I can make this work by adding setuid permissions to /sbin/mount_fusefs.  But is that the only way? 

thanks!


----------



## Oko (Feb 19, 2018)

I have never used sshfs on FreeBSD but on OpenBSD user mount option was removed about a year ago. I don't recall the reason but you can probably find out on tech@openbsd. You have to be root to mount the file system.

https://marc.info/?l=openbsd-misc&m=149805347118472&w=2

Have you read man pages for sshfs for your version of FreeBSD. I would not rely on any Internet archive and I would be very worried  about  getting outdated  information even from the official FreeBSD handbook. That thing is really hit and miss and it is not properly updated.


----------



## SirDice (Feb 19, 2018)

Harry Stone said:


> I saw another thread here from a while back that says I need vfs.usermount set to 1, which I do, but still no luck.


This setting allows a user to mount filesystems.

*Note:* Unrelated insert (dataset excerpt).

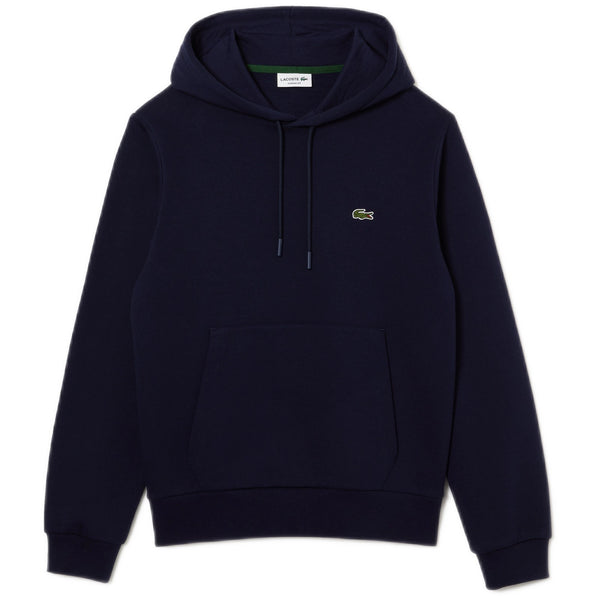 Felpe con cappuccio Uomo Lacoste - Sweatshirt - Blu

But there's another requirement, the user must also be the owner of the mountpoint.


----------



## Harry Stone (Feb 21, 2018)

I own the mount point too.


----------



## tobik@ (Feb 21, 2018)

Does your user have read/write permissions to the /dev/fuse device?


----------



## Harry Stone (Feb 21, 2018)

/dev/fuse is like so:  

`$ ll fuse
crw-rw----  1 root  operator   0x6a Feb 21 13:12 fuse`

and I'm in group operator.


----------



## Nicola Mingotti (Feb 21, 2018)

To me it works, I spent a lot of time to have it working well, it is very important IMO.
The following procedure is valid for FreeBSD-11.1.

Here is what is written into my notes:  ( my user in FreeBSD is "p")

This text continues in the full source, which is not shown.